The goal of this exercise is to determine the numbers and proportions of male and female applicants who got admitted and rejected. Specifically, we want to find out how many males are admitted and how many are rejected. And similarly we want to find how many females are admitted and how many are rejected.
Let’s first load and check the ucb_admit dataset:
* Initialize SAS workspace;
%include "~/my_shared_file_links/hammi002/sasprog/run_first.sas";
* Makes a working copy of UCB_ADMIT data and glimpse;
%use_data(ucb_admit);
%glimpse(ucb_admit);
To count admissions and see admission rates by group, we will use PROC FREQ
:
* Count admissions by male/female;
proc freq data=ucb_admit;
tables gender * admitted / nocol nopct;
run;
The nocol
and nopct
options above suppress the column and overall percentages from being shown, so we are left with just the counts and the row percentages (i.e., % of each group that is admitted). This is what we’re after since the first variable (gender
) in a 2-variable tables statement defines the row variable, while the second variable (admitted
) defines the column variable.
Based on the resulting table, answer the following question: Which gender had a higher admission rate, male or female?

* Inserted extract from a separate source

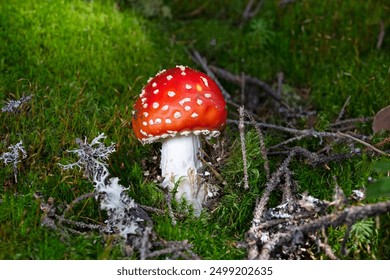 Amanita muscaria, commonly known as the fly agaric or fly amanita,[5] is a basidiomycete of the genus Amanita. It is a large white-gilled, white-spotted, and usually red mushroom. - Powered by Shutterstock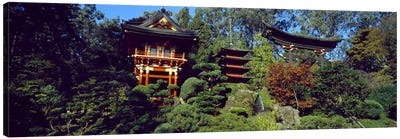 Pagodas in a park, Japanese Tea Garden, Golden Gate Park, Asian Art Museum, San Francisco, California, USA Canvas Art Print - Buddhism Art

Finally we’ll make a table similar to the one we constructed earlier, except we’ll first group the data by department. The goal is to compare the proportions of male students admitted across departments.
We can do this easily by adding a third variable in the PROC FREQ
tables
statement, prior to the variable that are there already, as:
* Count admissions by male/female, by department;
proc freq data=ucb_admit;
tables dept * gender * admitted / nocol nopct;
run;
Now the percentages shown reflect the male/female-specific admission rates separately for each department.
Based on these results, which of the following statements best describes the relationship between admission status and gender?
Surprising given the overall results, no?
We’ll wrap up the lesson with a recap of our findings.
Overall, males were more likely to be admitted. Within most department, however, females were more likely to be admitted. Meaning, when controlling for department, the relationship between gender and admission status was reversed. This is Simpson’s paradox.
We would have to know about the data to tease out the reasons for this, but one potential explanation for this paradox is that women tended to apply to competitive departments with lower rates of admission even among qualified applicants, such as in the English Department. Whereas, men tended to apply to less competitive departments with higher rates of admission among the qualified applicants, such as in engineering and chemistry.
Note that we were only able to discover the contradictory finding once we incorporated information about the department of the application. Examples like this highlight the importance of a good study design that considers and collects information on extraneous, but potentially confounding variables in a study.
You have successfully completed this tutorial.